[Items from a data source]
==*==

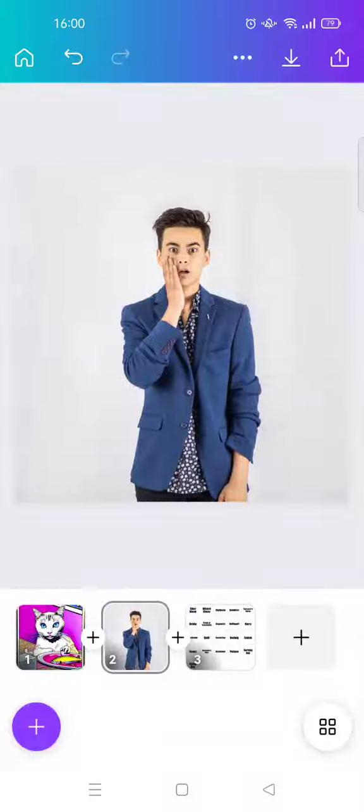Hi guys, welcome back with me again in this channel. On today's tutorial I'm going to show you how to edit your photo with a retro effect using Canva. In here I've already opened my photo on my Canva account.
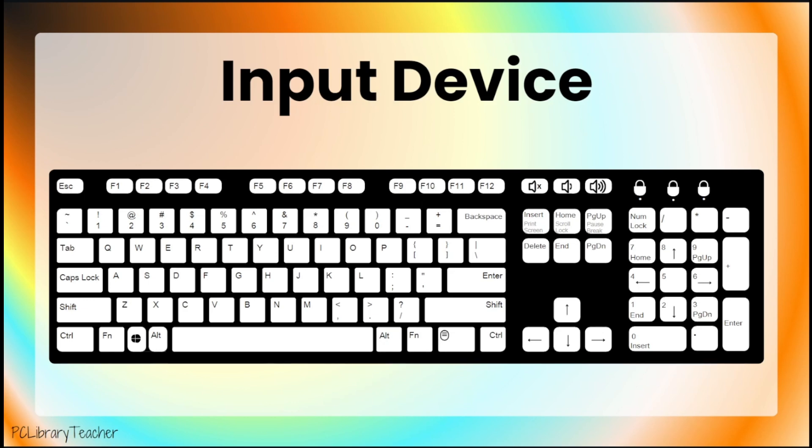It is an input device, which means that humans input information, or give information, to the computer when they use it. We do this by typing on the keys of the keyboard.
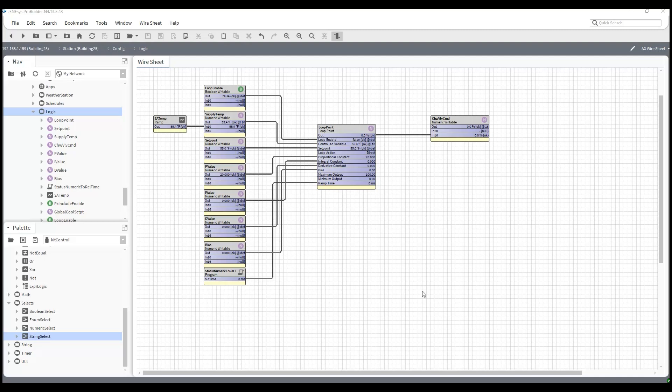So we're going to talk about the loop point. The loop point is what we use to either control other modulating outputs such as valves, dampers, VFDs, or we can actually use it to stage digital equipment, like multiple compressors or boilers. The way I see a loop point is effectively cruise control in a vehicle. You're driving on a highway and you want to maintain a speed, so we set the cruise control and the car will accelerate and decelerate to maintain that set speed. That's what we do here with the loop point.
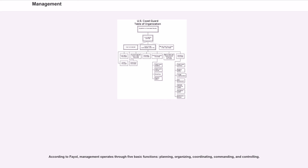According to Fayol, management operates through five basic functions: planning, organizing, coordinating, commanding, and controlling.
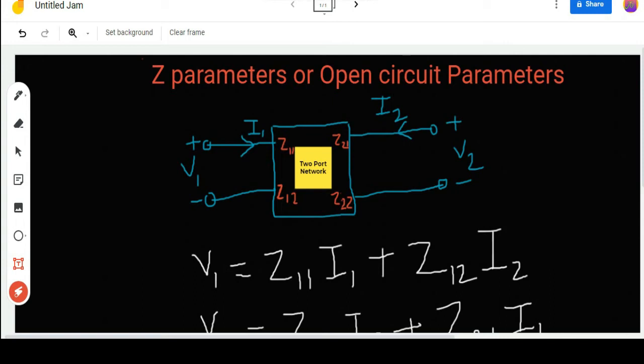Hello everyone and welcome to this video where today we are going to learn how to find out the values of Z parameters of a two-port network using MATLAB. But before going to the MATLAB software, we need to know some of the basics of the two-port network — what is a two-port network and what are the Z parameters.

==*==

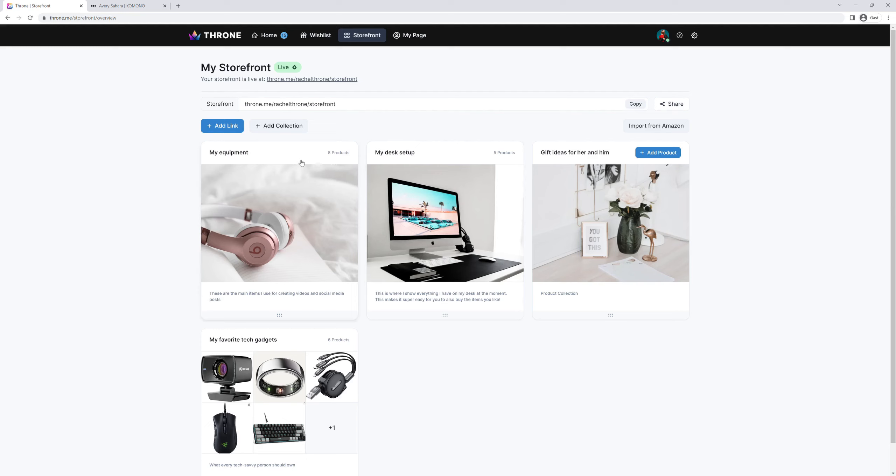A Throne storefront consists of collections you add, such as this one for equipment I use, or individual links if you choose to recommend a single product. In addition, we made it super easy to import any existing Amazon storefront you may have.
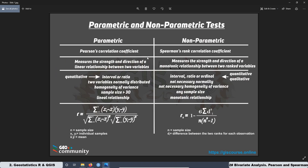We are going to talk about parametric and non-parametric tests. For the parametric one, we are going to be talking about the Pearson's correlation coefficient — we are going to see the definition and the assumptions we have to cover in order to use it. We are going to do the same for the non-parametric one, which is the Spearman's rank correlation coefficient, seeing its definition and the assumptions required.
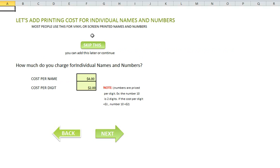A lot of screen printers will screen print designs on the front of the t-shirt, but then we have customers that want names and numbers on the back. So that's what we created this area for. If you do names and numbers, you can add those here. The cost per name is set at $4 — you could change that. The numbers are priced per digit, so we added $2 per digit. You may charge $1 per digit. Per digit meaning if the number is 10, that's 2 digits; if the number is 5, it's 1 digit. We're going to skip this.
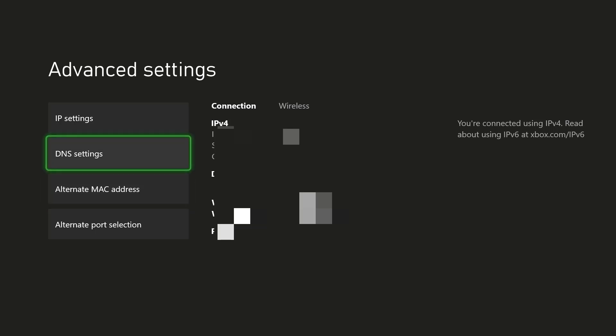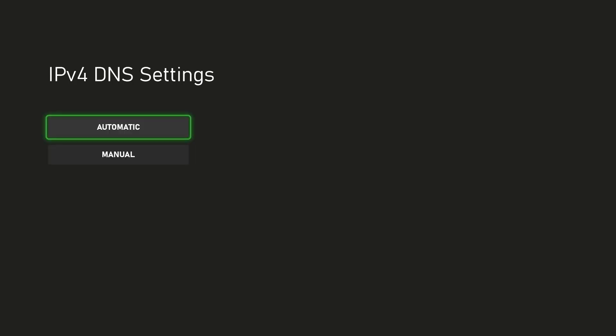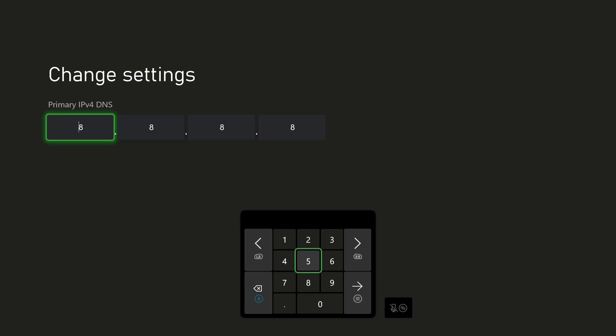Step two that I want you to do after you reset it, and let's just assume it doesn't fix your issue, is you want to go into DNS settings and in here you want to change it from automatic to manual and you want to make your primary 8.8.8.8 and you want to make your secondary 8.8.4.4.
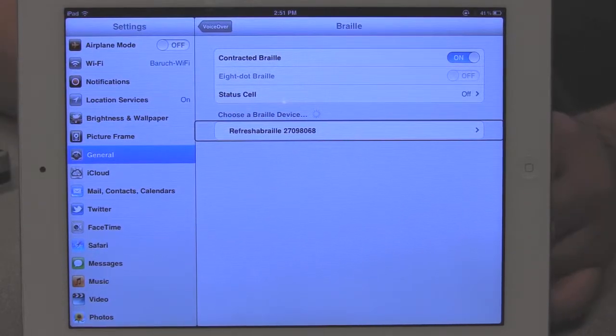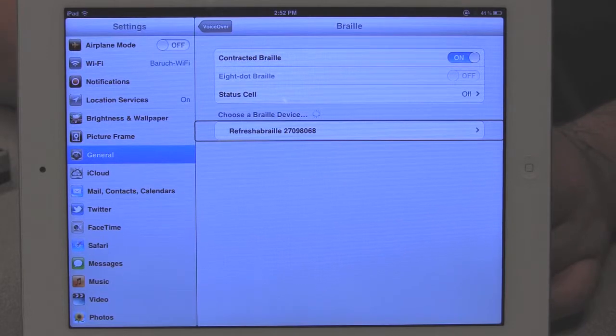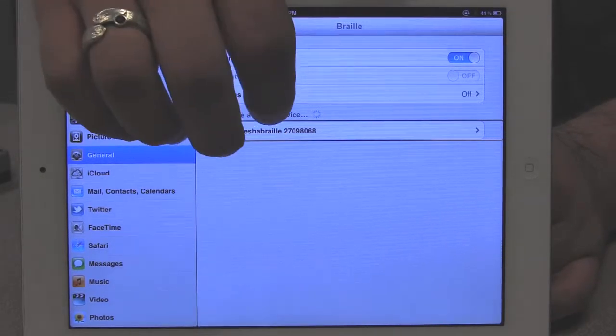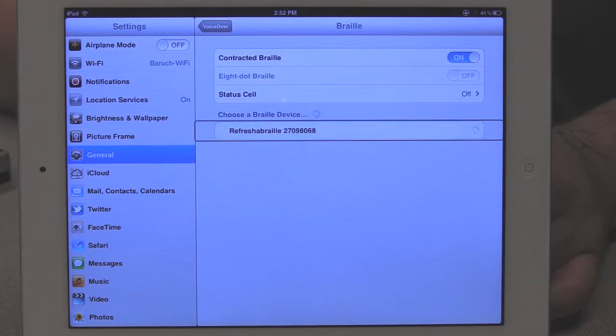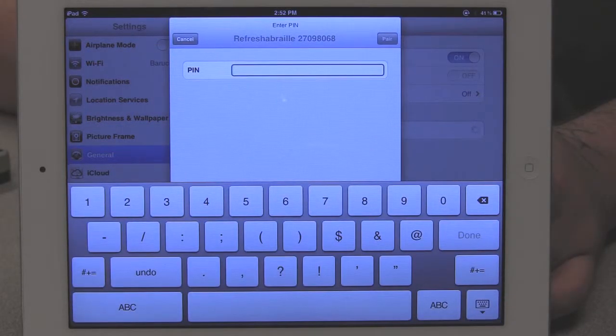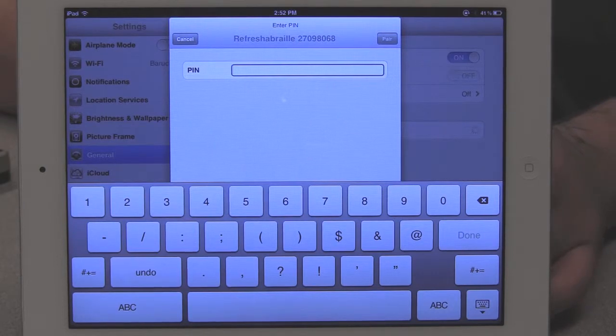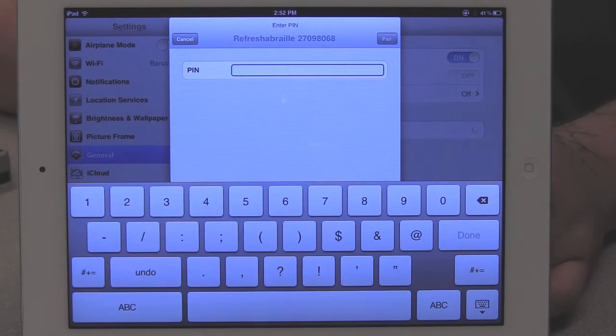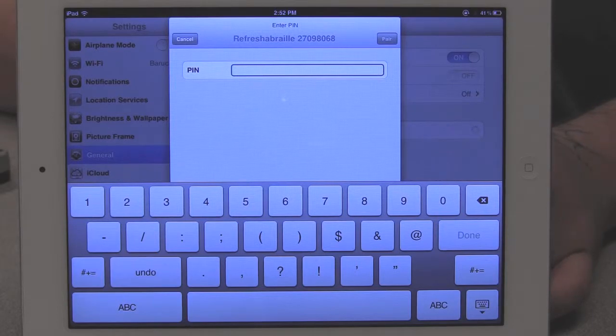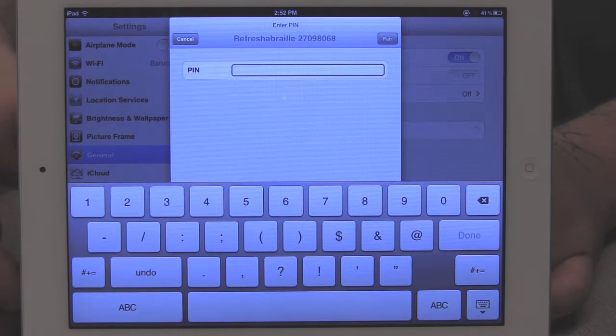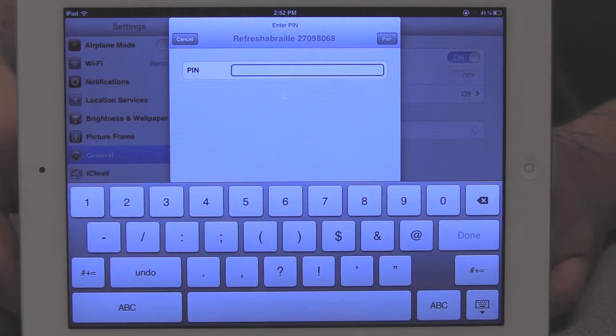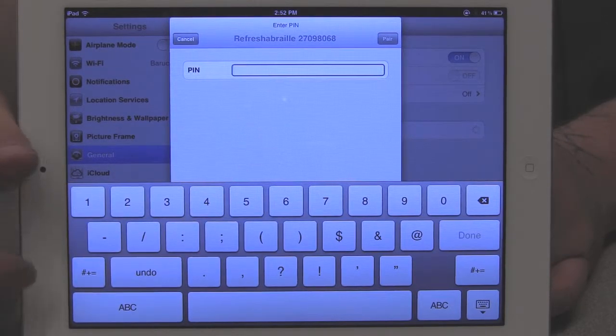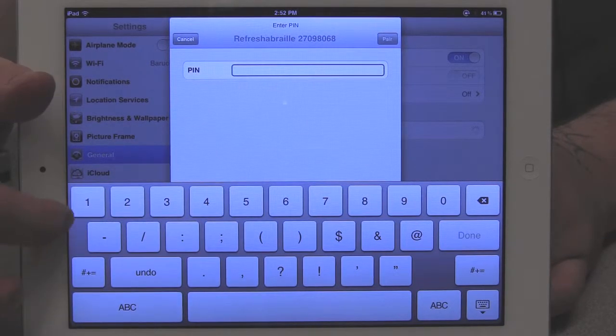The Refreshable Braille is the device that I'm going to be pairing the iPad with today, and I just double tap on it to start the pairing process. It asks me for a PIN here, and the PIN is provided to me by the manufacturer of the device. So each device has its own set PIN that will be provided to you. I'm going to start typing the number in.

==*==

## WHAT THIS TASK INVOLVES
Starting at the line above that holds "Hi guys, welcome", return each line up to and including the one that holds "It is an input", exactly as written, minus any pictures.

## TASK ANSWER
Hi guys, welcome back with me again in this channel. On today's tutorial I'm going to show you how to edit your photo with a retro effect using Canva. In here I've already opened my photo on my Canva account.
It is an input device, which means that humans input information, or give information, to the computer when they use it. We do this by typing on the keys of the keyboard.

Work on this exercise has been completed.